> **Work order**
When the line containing "亚洲杯男单循环赛 陈俊菘3-2击败中国香港林兆恒" is reached, include it and end there; set down verbatim every line before it, starting at the top of the records.

BEGIN Available records

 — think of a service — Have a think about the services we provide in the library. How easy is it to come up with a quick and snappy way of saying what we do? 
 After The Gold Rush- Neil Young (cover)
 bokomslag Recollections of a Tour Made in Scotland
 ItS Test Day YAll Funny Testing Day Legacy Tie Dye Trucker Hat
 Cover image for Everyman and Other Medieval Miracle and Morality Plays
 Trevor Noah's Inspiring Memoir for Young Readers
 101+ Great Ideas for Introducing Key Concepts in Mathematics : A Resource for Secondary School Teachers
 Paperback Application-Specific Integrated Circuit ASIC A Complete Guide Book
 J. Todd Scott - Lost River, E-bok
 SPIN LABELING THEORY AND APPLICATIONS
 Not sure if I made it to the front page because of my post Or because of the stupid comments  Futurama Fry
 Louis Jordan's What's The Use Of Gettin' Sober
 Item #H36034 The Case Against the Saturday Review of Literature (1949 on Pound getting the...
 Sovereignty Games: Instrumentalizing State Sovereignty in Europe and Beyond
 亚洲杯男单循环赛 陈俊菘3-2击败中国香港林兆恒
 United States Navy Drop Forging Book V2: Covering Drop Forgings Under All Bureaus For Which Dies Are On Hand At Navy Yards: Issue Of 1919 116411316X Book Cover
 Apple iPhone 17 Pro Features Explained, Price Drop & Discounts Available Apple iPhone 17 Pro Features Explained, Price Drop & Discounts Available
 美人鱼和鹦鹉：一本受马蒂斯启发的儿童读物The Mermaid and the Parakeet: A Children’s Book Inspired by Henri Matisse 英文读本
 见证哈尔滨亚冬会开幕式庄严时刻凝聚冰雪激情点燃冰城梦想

END Available records

> **Response below**
 — think of a service — Have a think about the services we provide in the library. How easy is it to come up with a quick and snappy way of saying what we do? 
 After The Gold Rush- Neil Young (cover)
 bokomslag Recollections of a Tour Made in Scotland
 ItS Test Day YAll Funny Testing Day Legacy Tie Dye Trucker Hat
 Cover image for Everyman and Other Medieval Miracle and Morality Plays
 Trevor Noah's Inspiring Memoir for Young Readers
 101+ Great Ideas for Introducing Key Concepts in Mathematics : A Resource for Secondary School Teachers
 Paperback Application-Specific Integrated Circuit ASIC A Complete Guide Book
 J. Todd Scott - Lost River, E-bok
 SPIN LABELING THEORY AND APPLICATIONS
 Not sure if I made it to the front page because of my post Or because of the stupid comments  Futurama Fry
 Louis Jordan's What's The Use Of Gettin' Sober
 Item #H36034 The Case Against the Saturday Review of Literature (1949 on Pound getting the...
 Sovereignty Games: Instrumentalizing State Sovereignty in Europe and Beyond
 亚洲杯男单循环赛 陈俊菘3-2击败中国香港林兆恒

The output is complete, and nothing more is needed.